A main topic of a workflow engine is the exception handling of tasks which failed during batch processing.
Luigi does not provide a pre-defined strategy for exception handling which have to be implemented individually
by the user, if possible. However, Luigi offers a mechanism for so called 'idempotent' tasks which are only run
once, given a specific set of parameters.

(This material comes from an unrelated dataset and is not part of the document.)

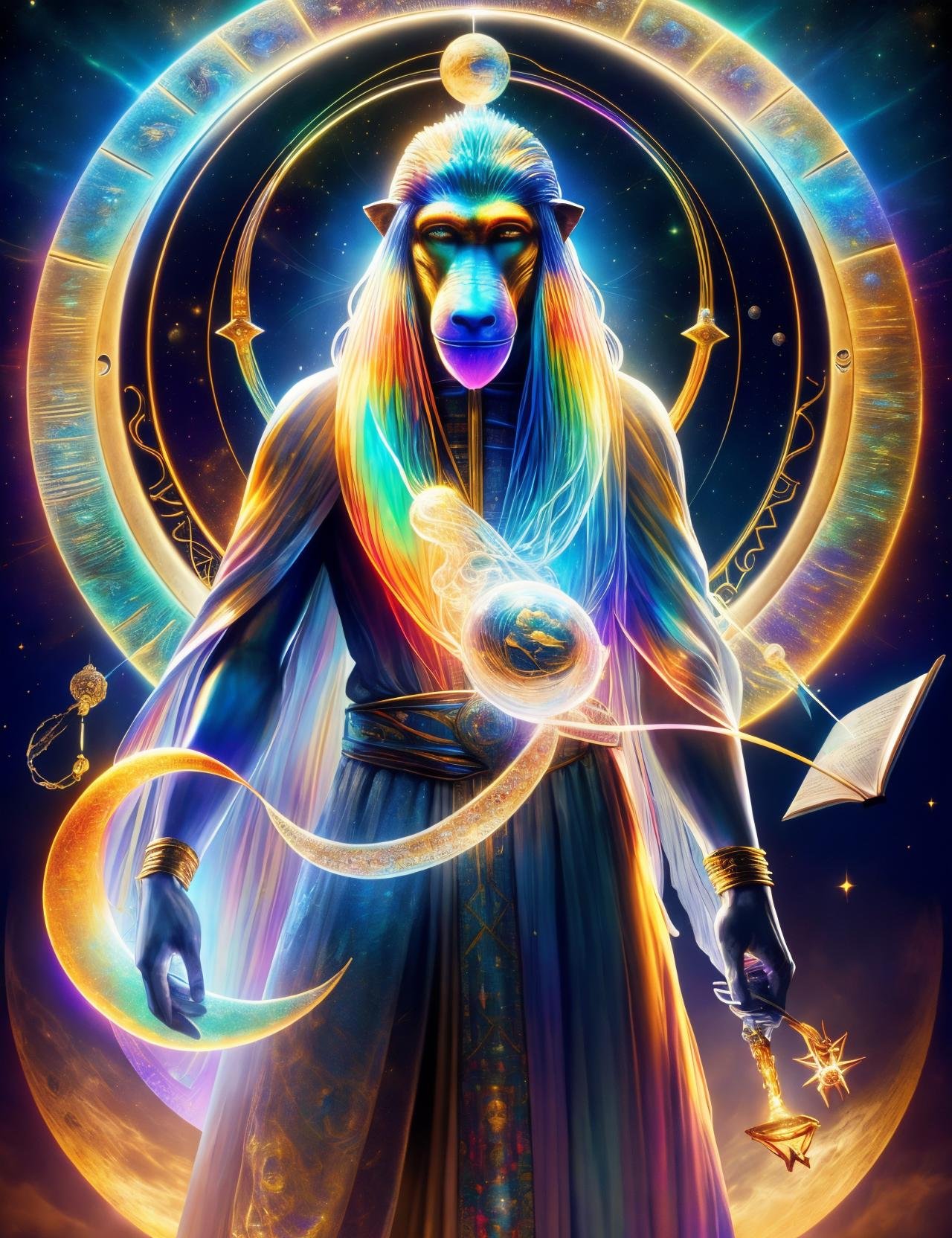 hyper detailed masterpiece, dynamic, awesome quality,DonMSp3ctr4l,vibrant spectral,thoth, god of writing, knowledge, magic, depicted as a man with the head of an baboon, keeper of divine knowledge, associated with the moon and reckoning of time, revered as a wise counselor and magician, guardian of sacred texts  <lora:DonMSp3ctr4l-000008:0.8>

Hereby, Luigi skipps complete tasks while running a pipeline
the second time after encounting an unresolvable dependency (i.e. a predecessor task which failed while execution).
A more detailed strategy for exception handling is given in the following sections.
Exception: Workflow Engine
Description:
Exception handling through the workflow engine (e.g. after power failure, ...)
Approaches:
ID | Process | Exception Handling |
---|---|---|
1 | None. | None. |
2 | Tasks are stored within a database and updated whenever a task terminates.
| While start up Luigi, check and re-run open pipeline tasks. |
A successful task (with a docker container as target) can be defined in different ways:
- Given, a result file with a specified format (Contra: additional effort for data handling, error-prone due file formatting)
- Exit code of the docker container is equal to 0.
The second approach seems more accurate due simplicity.
Exception: Algorithm
Description:
Exception handling through algorithm containers (e.g. invalid parameters, unreachable database ...)
Approaches:
ID | Process | Exception Handling |
---|---|---|
1 | None. | None. |
2 | An algorithm continuously saves results which are deleted if an exception is thrown.
Clean up results Terminate with an error Else: Terminate without an error | While encountering an exception, clean up inconsistent results and terminate container with an error. |
3 | An algorithm persistently saves all or none results.
Terminate with an error Else: Save results Terminate without an error | Results are only saved if no exception was throws. Each algorithm is responsible for saving consistent results. |